È noto che il TPNW, entrato in vigore nel 2021, proibisce il possesso, uso, stazionamento all’estero delle armi nucleari. Firmato da 92 e ratificato da 68 paesi, esso è osteggiato da tutti gli Stati che posseggono l’arma nucleare o si trovano sotto “l’ombrello” di una potenza nucleare. Tra essi i membri della Nato si sono trovati sinora in prima linea nell’osteggiare il Trattato anche se esso, pur essendo in vigore, non potrà essere applicato effettivamente senza l’ adesione degli Stati che posseggono l’arma nucleare.
Il controllo degli armamenti e la Nato
Occorre premettere anzitutto che, pur essendo un’alleanza militare, la Nato ha mantenuto sin dal 1967 (Rapporto Harmel) un occhio di particolare riguardo per le questioni della non proliferazione e del controllo degli armamenti. Il risultato più egregio fu il Trattato INF (Intermediate Nuclear Forces) in virtù del quale Russi e Americani ritirarono e distrussero centinaia di missili a raggio intermedio in loro possesso. Il processo fu avviato in ottemperanza ad una “doppia decisione” adottata dalla Nato nel 1979: lo spiegamento di nuove armi nucleari in Europa proponendo in parallelo un negoziato con i russi per la loro eliminazione.

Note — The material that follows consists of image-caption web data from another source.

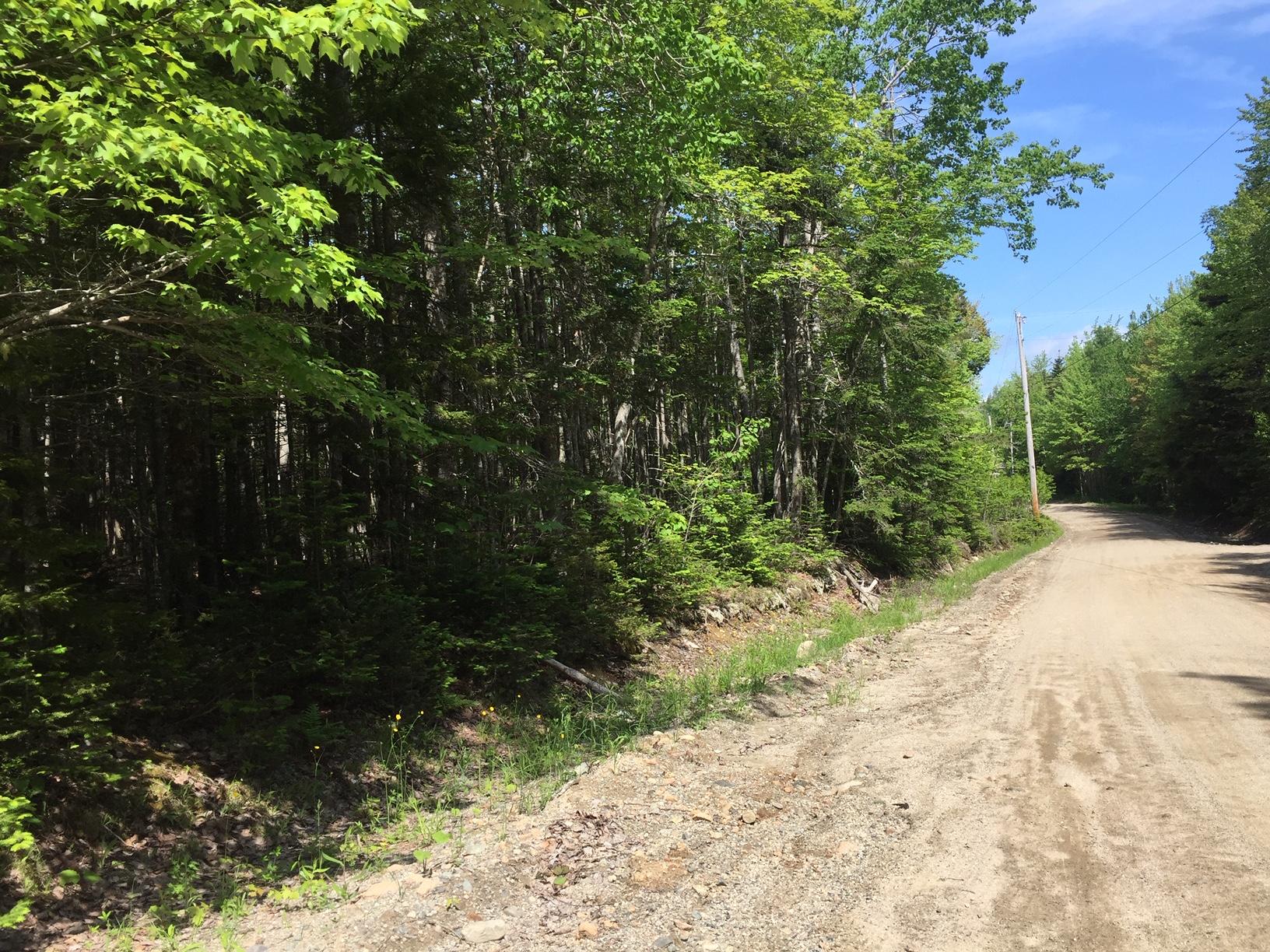 563 Rays Point Road Milbridge, ME 04658 - Photo 10 of 13 IMG_5179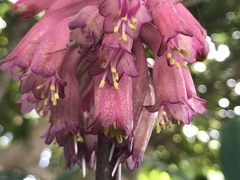 Veltheimia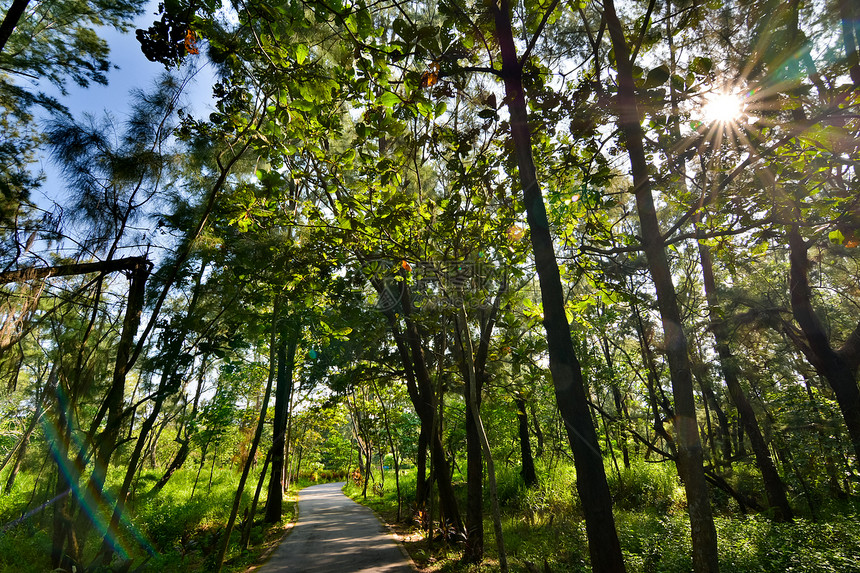 Taitung森林公园阳光土地草本植物植物旅行太阳荒野射线公园叶子图片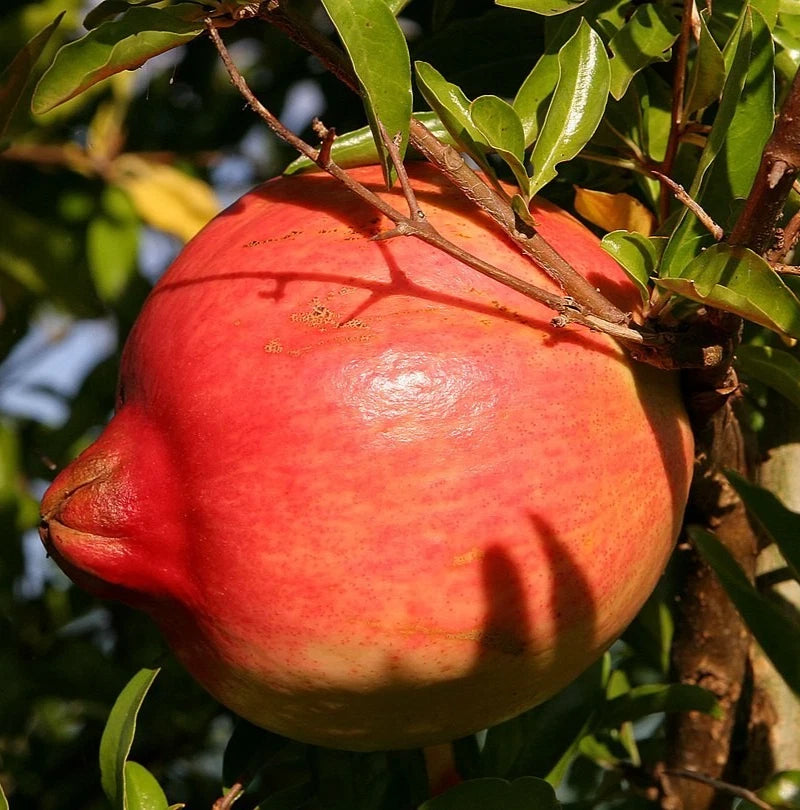 Kazake Pomegranate Seeds (Punica granatum 'Kazake') – 100+ Premium Fresh Cold-Hardy Russian Sweet Pomegranate Seeds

L’atteggiamento atlantico contrario al nuovo Trattato si manifestò sin dall’inizio del suo negoziato nel 2017: tutti i Paesi Nato si sottrassero all’obbligo di partecipare a tale trattativa. Fecero eccezione soltanto i Paesi Bassi che vi presero parte pur sapendo di essere isolati e di non potere da soli far valere gli argomenti dei paesi atlantici. Un’altra occasione perduta fu il rifiuto di paesi Nato di partecipare come osservatori alla prima Conferenza degli stati parte al TPNW tenutasi a Vienna nel gennaio di quest’anno. In questo caso le voci dissenzienti furono più numerose.Oltre all’Olanda anche Norvegia ed paesi candidati Svezia e Finlandia vi parteciparono come osservatori. A loro si unì, significativamente, anche la Germania.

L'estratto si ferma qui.